RECORDED DATA:
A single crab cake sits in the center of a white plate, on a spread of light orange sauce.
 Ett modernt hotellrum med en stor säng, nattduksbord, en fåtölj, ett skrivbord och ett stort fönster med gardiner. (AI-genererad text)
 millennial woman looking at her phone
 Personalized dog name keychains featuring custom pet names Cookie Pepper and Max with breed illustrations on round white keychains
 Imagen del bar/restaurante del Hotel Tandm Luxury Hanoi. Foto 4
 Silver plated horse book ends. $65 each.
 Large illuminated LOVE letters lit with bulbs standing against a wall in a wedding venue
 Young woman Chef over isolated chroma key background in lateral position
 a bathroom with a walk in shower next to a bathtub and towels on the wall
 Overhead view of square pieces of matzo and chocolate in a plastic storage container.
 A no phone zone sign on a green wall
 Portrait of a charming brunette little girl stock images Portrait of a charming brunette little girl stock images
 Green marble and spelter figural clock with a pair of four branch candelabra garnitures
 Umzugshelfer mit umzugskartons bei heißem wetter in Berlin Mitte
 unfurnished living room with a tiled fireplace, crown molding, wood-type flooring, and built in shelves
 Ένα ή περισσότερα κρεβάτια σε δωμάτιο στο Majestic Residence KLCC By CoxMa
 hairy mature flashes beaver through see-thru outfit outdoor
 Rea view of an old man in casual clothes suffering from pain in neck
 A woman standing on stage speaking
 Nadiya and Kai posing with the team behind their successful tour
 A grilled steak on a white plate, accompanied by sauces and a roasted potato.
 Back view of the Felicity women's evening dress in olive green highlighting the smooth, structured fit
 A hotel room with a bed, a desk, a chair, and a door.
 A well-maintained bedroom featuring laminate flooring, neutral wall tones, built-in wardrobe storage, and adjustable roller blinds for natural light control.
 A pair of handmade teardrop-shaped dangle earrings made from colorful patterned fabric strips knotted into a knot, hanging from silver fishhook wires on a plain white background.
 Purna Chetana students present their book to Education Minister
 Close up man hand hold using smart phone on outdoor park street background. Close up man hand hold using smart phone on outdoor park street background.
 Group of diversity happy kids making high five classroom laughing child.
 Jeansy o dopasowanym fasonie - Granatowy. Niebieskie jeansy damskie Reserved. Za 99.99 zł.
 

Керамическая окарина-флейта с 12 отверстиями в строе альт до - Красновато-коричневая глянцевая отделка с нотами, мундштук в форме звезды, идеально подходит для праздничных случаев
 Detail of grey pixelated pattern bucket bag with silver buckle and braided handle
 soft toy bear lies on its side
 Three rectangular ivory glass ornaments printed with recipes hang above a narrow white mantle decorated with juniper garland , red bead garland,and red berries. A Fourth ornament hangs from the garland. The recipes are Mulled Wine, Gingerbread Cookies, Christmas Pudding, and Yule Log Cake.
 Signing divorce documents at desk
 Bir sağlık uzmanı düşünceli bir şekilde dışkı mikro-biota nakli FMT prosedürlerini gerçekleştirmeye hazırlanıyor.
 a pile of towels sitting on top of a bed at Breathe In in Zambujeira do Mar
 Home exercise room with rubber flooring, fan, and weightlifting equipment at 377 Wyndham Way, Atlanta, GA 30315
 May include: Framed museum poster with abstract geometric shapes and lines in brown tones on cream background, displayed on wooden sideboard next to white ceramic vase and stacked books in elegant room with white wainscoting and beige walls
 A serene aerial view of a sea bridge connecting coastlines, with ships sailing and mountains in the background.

EXERCISE DIRECTIONS: From the entries above, write out only the lines starting at the line that holds "unfurnished living room" and ending at the line that holds "hairy mature flashes", keeping both and matching them exactly.

TASK OUTPUT:
 unfurnished living room with a tiled fireplace, crown molding, wood-type flooring, and built in shelves
 Ένα ή περισσότερα κρεβάτια σε δωμάτιο στο Majestic Residence KLCC By CoxMa
 hairy mature flashes beaver through see-thru outfit outdoor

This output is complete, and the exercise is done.